Maduro asistió a la primera reunión y después de saludar a los presentes, se comprometió a respaldar las conversaciones.

"Vengo dispuesto a escuchar y ojalá a ser escuchado y a buscar puntos de encuentro en función de las grandes mayorías del país, de los intereses nacionales", dijo Maduro.

En la cita se firmó un documento en el que se anuncia la instalación de cuatro mesas de trabajo, según anunció el representante del Vaticano, Claudio Celli, quien pidió avanzar en el diálogo para buscar salidas a la crisis.

La oposición hizo énfasis en el rescate del referéndum contra Maduro o el adelanto de las elecciones presidenciales, la liberación de varios políticos presos, así como el reconocimiento a la autonomía de la Asamblea Nacional, bajo control de la oposición.

A la vez, el gobierno insistió en que debe haber una comisión de la verdad que examine los incidentes violentos de 2014 por las protestas opositoras, así como una reparación para las víctimas.

Entre los delegados de ambas partes se presentaron como facilitadores Celli, el secretario general de la Unión de Naciones Suramericanas (Unasur), Erneso Samper, y los expresidentes de República Dominicana, Leonel Fernández; de Panamá, Manuel Torrijos, y de España, José Luis Rodríguez Zapatero.

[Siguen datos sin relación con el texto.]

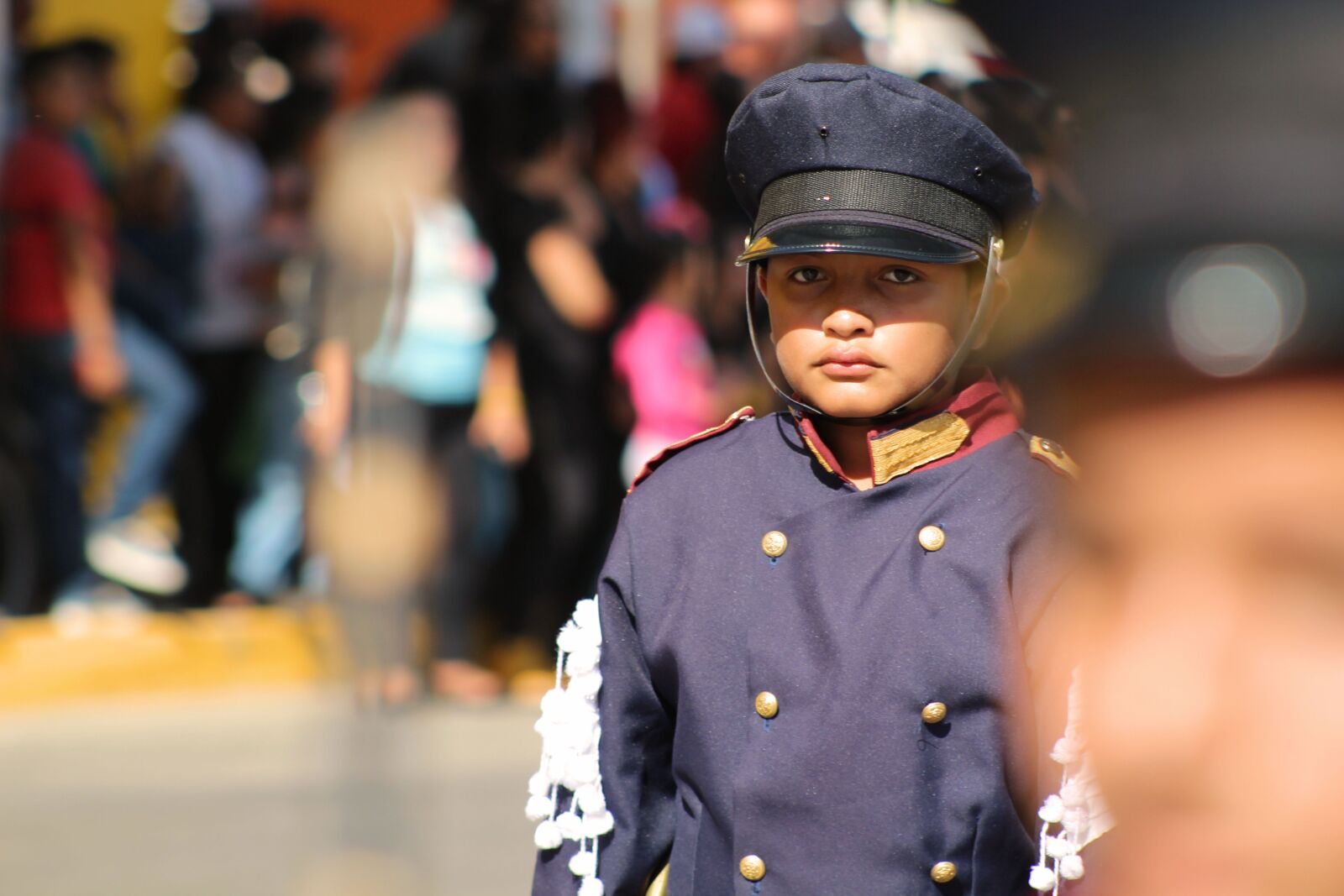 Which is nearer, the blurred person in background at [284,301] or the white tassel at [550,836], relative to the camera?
the white tassel at [550,836]

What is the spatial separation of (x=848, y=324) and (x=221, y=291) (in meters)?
5.00

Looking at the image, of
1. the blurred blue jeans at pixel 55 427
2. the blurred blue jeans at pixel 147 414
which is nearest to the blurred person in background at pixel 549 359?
the blurred blue jeans at pixel 147 414

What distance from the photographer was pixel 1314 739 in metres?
0.65

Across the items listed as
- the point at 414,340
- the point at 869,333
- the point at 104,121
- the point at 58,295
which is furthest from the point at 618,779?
the point at 104,121

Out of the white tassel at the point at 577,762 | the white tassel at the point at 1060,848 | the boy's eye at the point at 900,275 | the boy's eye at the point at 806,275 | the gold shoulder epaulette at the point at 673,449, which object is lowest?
the white tassel at the point at 577,762

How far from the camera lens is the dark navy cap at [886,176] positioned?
1.88m

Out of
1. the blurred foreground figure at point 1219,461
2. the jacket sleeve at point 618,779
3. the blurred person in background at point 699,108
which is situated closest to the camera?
the blurred foreground figure at point 1219,461

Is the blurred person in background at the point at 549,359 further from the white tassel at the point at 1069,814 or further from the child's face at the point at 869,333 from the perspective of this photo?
the white tassel at the point at 1069,814

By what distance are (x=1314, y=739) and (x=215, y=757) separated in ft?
18.2

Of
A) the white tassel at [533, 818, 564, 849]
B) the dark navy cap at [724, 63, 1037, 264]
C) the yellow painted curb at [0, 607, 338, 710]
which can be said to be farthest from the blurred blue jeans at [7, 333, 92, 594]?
the dark navy cap at [724, 63, 1037, 264]

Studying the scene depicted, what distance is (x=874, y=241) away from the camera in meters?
1.85

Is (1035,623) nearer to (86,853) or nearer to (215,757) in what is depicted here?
(86,853)

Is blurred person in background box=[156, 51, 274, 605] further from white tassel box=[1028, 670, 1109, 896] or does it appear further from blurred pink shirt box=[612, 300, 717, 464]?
white tassel box=[1028, 670, 1109, 896]

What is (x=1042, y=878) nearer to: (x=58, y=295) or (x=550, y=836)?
(x=550, y=836) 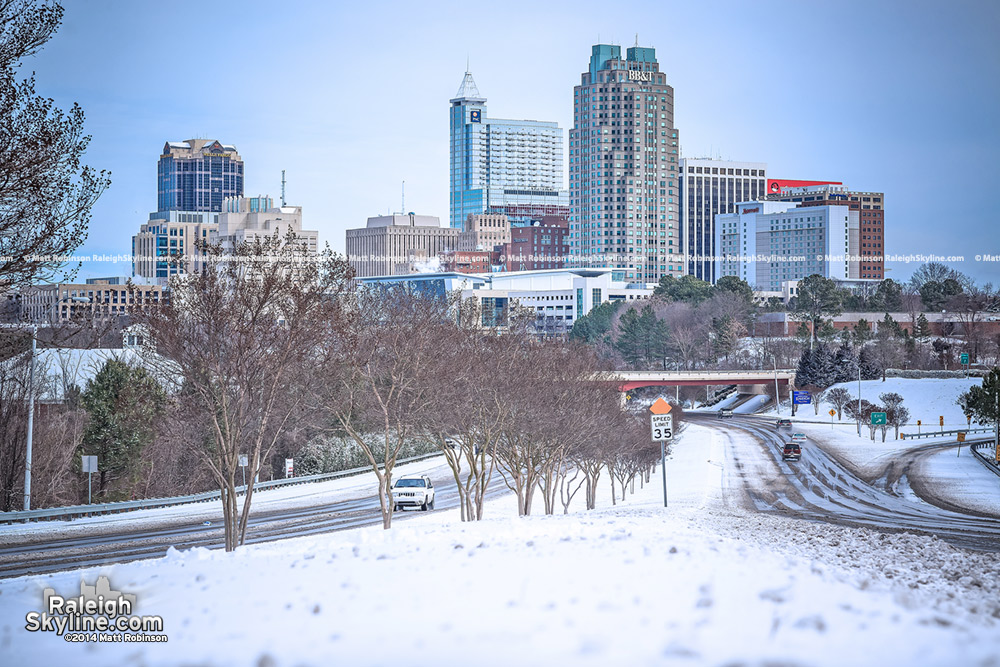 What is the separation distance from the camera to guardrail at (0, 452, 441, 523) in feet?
124

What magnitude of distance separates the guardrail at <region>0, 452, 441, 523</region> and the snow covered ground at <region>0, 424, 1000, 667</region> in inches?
1056

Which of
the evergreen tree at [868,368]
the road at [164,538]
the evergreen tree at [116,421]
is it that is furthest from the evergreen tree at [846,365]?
the evergreen tree at [116,421]

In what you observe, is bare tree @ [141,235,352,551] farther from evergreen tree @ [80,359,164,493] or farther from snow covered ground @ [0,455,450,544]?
evergreen tree @ [80,359,164,493]

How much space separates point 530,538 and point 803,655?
285 inches

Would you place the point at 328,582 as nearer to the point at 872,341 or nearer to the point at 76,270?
the point at 76,270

El secretario ejecutivo de la alianza opositora Mesa de Unidad Democrática (MUD), Jesús Torrealba, destaco la facilitación del Vaticano y advirtió que el inicio del diálogo no modificará la agenda de manifestaciones ya anunciada en protesta contra la suspensión del referéndum presidencial.

La MUD dijo que los partidos de la alianza se comprometieron a exigir el "fin de la represión y persecución contra demócratas y el pueblo". Además, advirtió que abandonará el espacio de diálogo en caso de no ser resueltas sus demandas en el corto plazo.

"Todos los partidos se comprometen a mantener la agenda de lucha anunciada al país para lograr el cambio políticos urgente, lo que incluye la evaluación parlamentaria de la responsabilidad política del presidente en la crisis humanitaria y la agenda de lucha social, en la calle y con el pueblo", indicó la MUD.

Las partes acordaron la instalación de cuatro mesas de trabajo y una próxima reunión el 11 de noviembre.

Las mesas abordarán como temas de conversación: la soberanía nacional, la verdad, derechos humanos y reparación de víctimas de incidentes violentos, el tema económico y social y cómo generar confianza y avanzar en el respeto al cronograma electoral.

Torrealba puntualizó que la MUD tiene y continuará en tres vías: la agenda parlamentaria, la agenda de calle y la internacional.

"Arrancó el diálogo, sí. Pero, la agenda de lucha continúa. El diálogo no quiere decir que se vaya a paralizar la lucha", indicó.

El partido Voluntad Popular, del encarcelado dirigente Leopoldo López, rechazó asistir al encuentro, alegando que no existen condiciones para el diálogo y reclamó "gestos importantes" del gobierno en beneficio del pueblo. Sin embargo, no descartó sumarse luego a las conversaciones.

En las próximas acciones de la oposición, la Asamblea espera recibir a Maduro en la sesión de mañana para que responda al juicio político que intentan los diputados. También el jueves espera realizar una marcha para informarle a Maduro el veredicto del procedimiento legislativo.